La lucha alimentó a la plebe y el odio al vecino (el de afuera, no el que
vendía el pan) era el mojamijo de un
continente entero. En Europa hay paz porque casi exterminan todo lo que para
ellos fue el mundo a mitad del siglo pasado. Porque se quemó el guiso, porque
se chamuscó la carne, porque el arroz se secó y porque no había bulto de azúcar
que le quitara lo ácido al jugo.
Las crisis hacen las naciones, así como un arroz quemado hace al chef.
Lo abrupto crea conciencia, lo drástico hace al pueblo manso y lo explosivo
hace la paz. Porque como decía el profe: la letra con sangre entra.
Pero Colombia no es así. No señor. Aquí la gente se muere de a cuotas, el
arroz se pega pero no se quema, la guerra lleva más de medio siglo (y que me
vengan con que se acabó la violencia) y los pueblos están lo suficientemente
lejos y desconectados como para que acá solo lleguen los tuits: #NoMásMuertos
#ElCaucaSomosTodos #PazPorFavor #GolDeJamesPapá.
Nos normalizaron la violencia y no nos aguantamos la paz, porque paz sí
pero no así ¿y así? No, así tampoco, a eso le falta sal y plomo.
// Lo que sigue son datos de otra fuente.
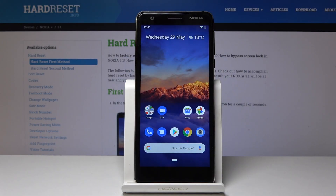Welcome! In front of me is a Nokia 3.1 and today I will show you how to access the recovery mode on this device.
Acá la guerra no purifica al pueblo pero sí lo hace coger carácter, como
cuando el pelao se raspa en la calle, porque eso lo hace hombre.
Somos así porque hay candela, pero a fuego lento. Colombia no está
caliente sino sofrita. Nos hicimos con la llama baja, pero siempre encendida.
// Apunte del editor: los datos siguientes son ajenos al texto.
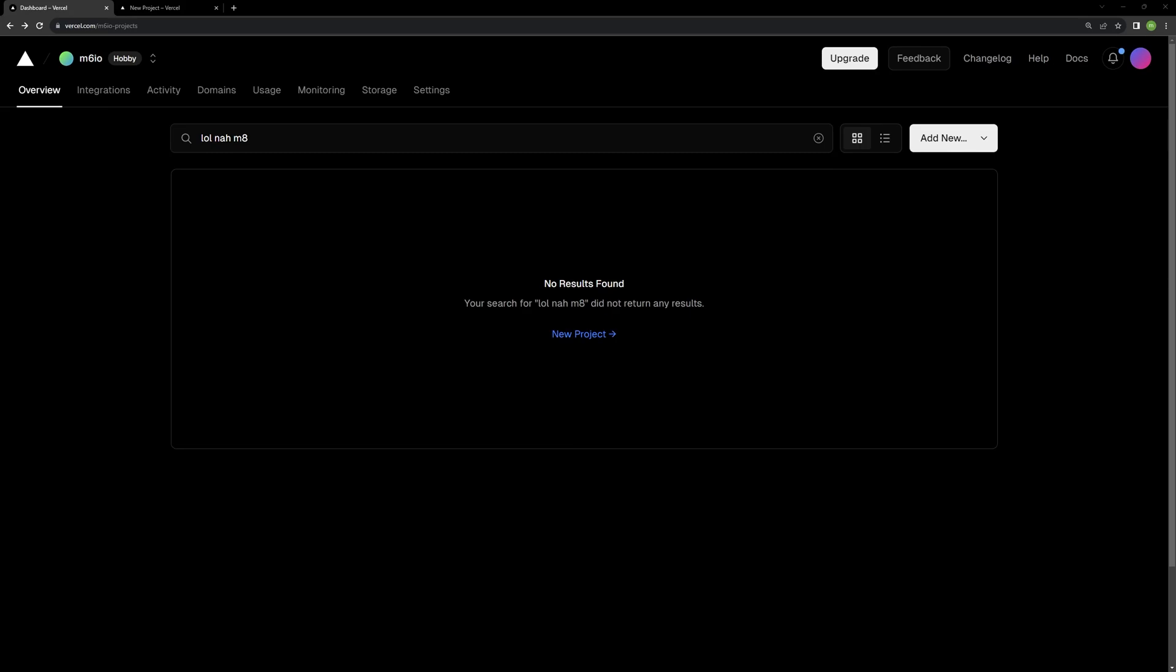Okay, so this is a really quick tutorial just to show how you can deploy your React and Vite app to Vercel.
Acá la democracia significó participar en la guerra con una X. Acá el silencio
de los rifles da síndrome de abstinencia y la política es un juego de a quién
vamos a odiar hoy, a qué mitad del país se le da la batuta para insultar y
quién se va a encargar para que no nos volvamos como Venezuela.
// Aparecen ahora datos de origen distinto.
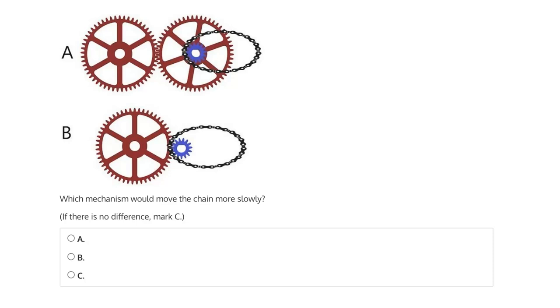This question says which mechanism would move the chain more slowly? Is it A, B, or if there is no difference, then mark C?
Que ni se le ocurra a la olla pitar por la presión porque se entierra
como a los líderes sociales. Que si el cucharón se cae al piso no se lava, sino
que se encierra porque aquí no hay lugar para la impunidad. Este país se hizo a
fuego lento y no se deja enfriar, y así nos disfrutamos. Que viva el trigésimo
séptimo país más feliz del mundo, y el sexto en víctimas de minas
antipersonales. Que viva el jugo de guayaba ácido, pero no lo suficiente como
para cambiarlo.
Ojalá este síndrome de abstinencia prospere, porque el cucayo es rico,
pero mata, y en el futuro la memoria sí nos va a doler, como duele la lengua
cuando el mojamijo está muy caliente.